• Description:

    Client participation is a popular concept, generally carrying positive connotations among both administrators and citizen advocates: “It connotes openness and transparency, inclusion and diversity, democracy and voice, equality and deliberation…” (Kelty et al. 2015: 475). Participation is regarded important in combatting social exclusion (Stevens, Bur and Young 2003), contributing to democratization, increasing the self-efficacy of clients, building communities, increasing service efficiency and effectiveness, ensuring fairness and holding government agencies accountable (Mizrahi, Humphreys and Torres 2009; Alford 2009: 37). In addition, participation has become an important source of legitimacy, and public agencies are increasingly expected to enable citizen participation (Kelty et al. 2015). With the advance of new public governance, citizens are also increasingly expected to participate actively, contributing to the delivery of public services to themselves and others. This however leads to new paradoxes, as municipalities “simultaneously want to empower its citizens and control the output of their activities.” (Hansen & Gemal 2014: 3; see also Borghi and van Berkel 2007: 422). With all the different and somewhat contradictory tasks participation is expected to perform, it is important to examine different forms of participation in order to analyze how participation works in specific contexts.

    Lipsky pointed out that client participation has a dual function both as a means to secure individual and fair treatment and as a way of legitimizing the agency’s intervention in the clients’ lives and the control of clients (Lipsky 1980: 42-43). Hence, participation can be non-voluntary for clients and street-level organizations may seek to persuade clients to participate actively in the system (Lipsky 1980: 43). In this context, client participation can be seen as part of an organizational goal of client control as well as a source of organizational legitimacy. White calls for a detailed examination of the concept of participation and the interests it serves and underscores that “participation is not always in the interests of the poor. Everything depends on the type of participation, and the terms on which it is offered. […] exit may be the most empowering option” (White 2011: 64). Hence, it should not be taken for granted that client participation is empowering or liberating to clients. The concept client participation may be regarded problematic for this very reason, since client participation may imply user control and empowerment, but it may also imply treatment participation or even client compliance. Hence, notions of inclusion through client participation remain problematic as long as it remains obscure what participation entails and what the goals of participation are, e.g. involving people in decisions made about them or making services cheaper (Stevens et al. 2003: 90).

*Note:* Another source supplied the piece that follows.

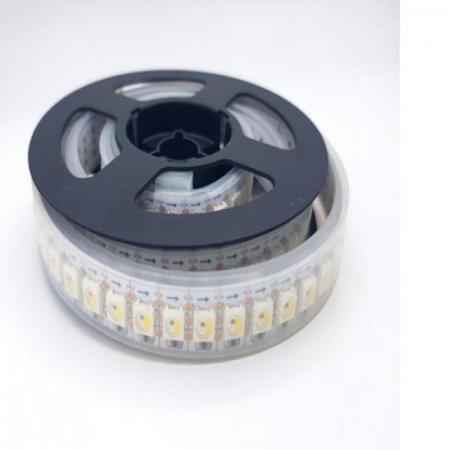 디바이스마트,LED/LCD > LED 인테리어조명 > 플렉서블 LED,SZH,SK6812 5050 RGBW 4색 플렉시블 실리콘튜브 스트립 LED (백) [SZH-LD146],사이즈 : 1m / 전원 : 42W / 색상 : RGBW / 스트립색상: 화이트(White) / 플렉시블 / 네오픽셀 및 WS2812 라이브러리 호환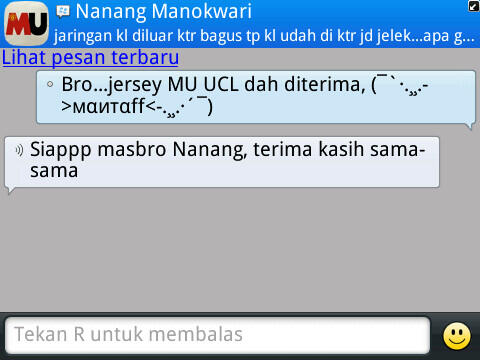 TESTIMONIAL FUTEBOLSTORE DEPOK OFFICIAL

    Participation has long been an important concept in a range of disciplines (e.g. political sciences, social work, rural development, media studies). The popularity of the concept of participation has led scholars to be wary that the concept may become “drained of substance” (Cohen and Uphoff 2011: 34).  Across different streams of research, there is not a common conceptualization of client participation.

    The aim of the course is to familiarize students with classical and contemporary perspectives on client participation, to enable students to critically discuss assumptions, methodological approaches and empirical results regarding client participation. In addition, the course aims at furthering the PhD-students work on constructing a theoretical framework and methodological approach to a specific research problem in the student’s own ongoing or planned project.